— Task description —
Under this line are the records; repeat exactly the lines starting at the one containing "Mexen T33 columna" and ending at the one containing "Lotus Elise обои", omitting pictures.

— Records for processing —

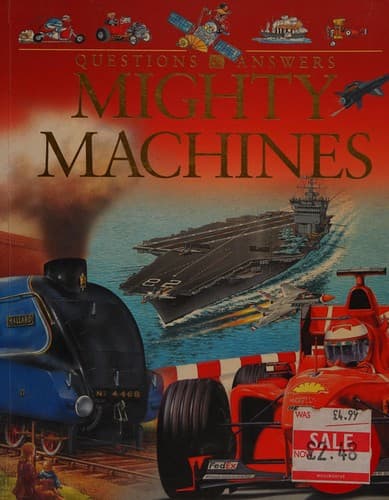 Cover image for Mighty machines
* * *
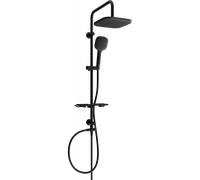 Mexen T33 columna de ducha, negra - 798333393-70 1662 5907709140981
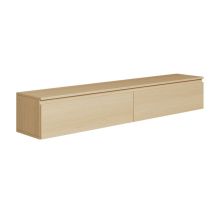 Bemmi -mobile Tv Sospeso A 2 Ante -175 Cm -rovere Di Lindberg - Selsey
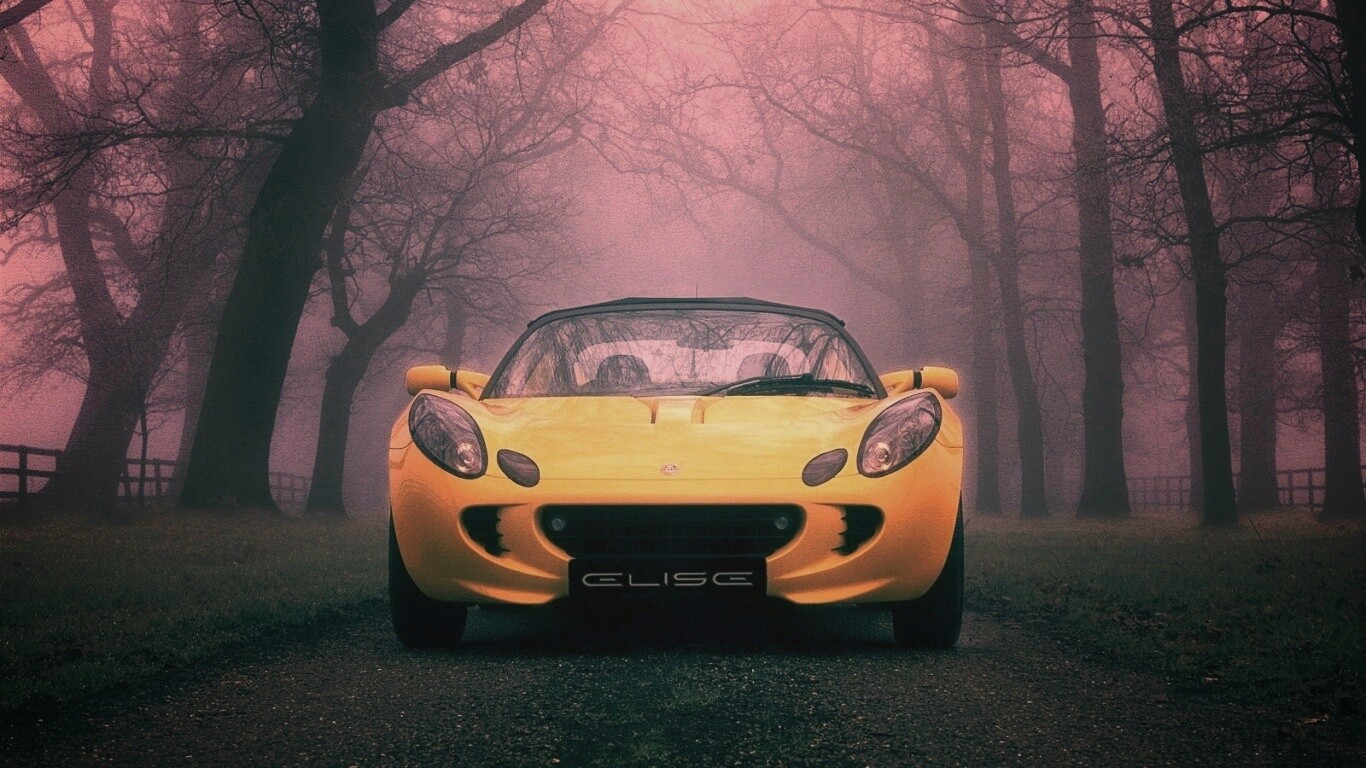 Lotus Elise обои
--
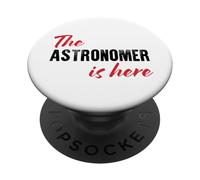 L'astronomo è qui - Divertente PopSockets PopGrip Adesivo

— Result of the exercise —
 Mexen T33 columna de ducha, negra - 798333393-70 1662 5907709140981
 Bemmi -mobile Tv Sospeso A 2 Ante -175 Cm -rovere Di Lindberg - Selsey
 Lotus Elise обои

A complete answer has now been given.